(Directions for this task) What you return should match the data word for word, minus the images.

(Recorded data)
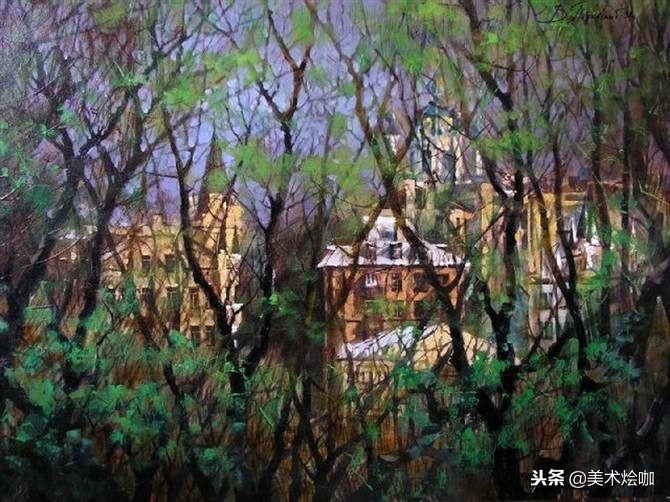 俄罗斯油画大师风景油画教程视频,俄罗斯维克多风景油画视频作品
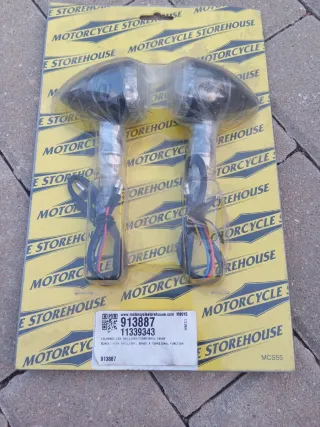 Intermitentes LED Harley Davidson Negros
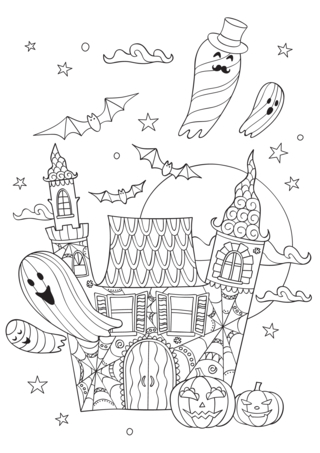 Halloween 72 - Dibujos para colorear de fiestas - Coloriages - 10doigts.fr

(The answer)
 俄罗斯油画大师风景油画教程视频,俄罗斯维克多风景油画视频作品
 Intermitentes LED Harley Davidson Negros
 Halloween 72 - Dibujos para colorear de fiestas - Coloriages - 10doigts.fr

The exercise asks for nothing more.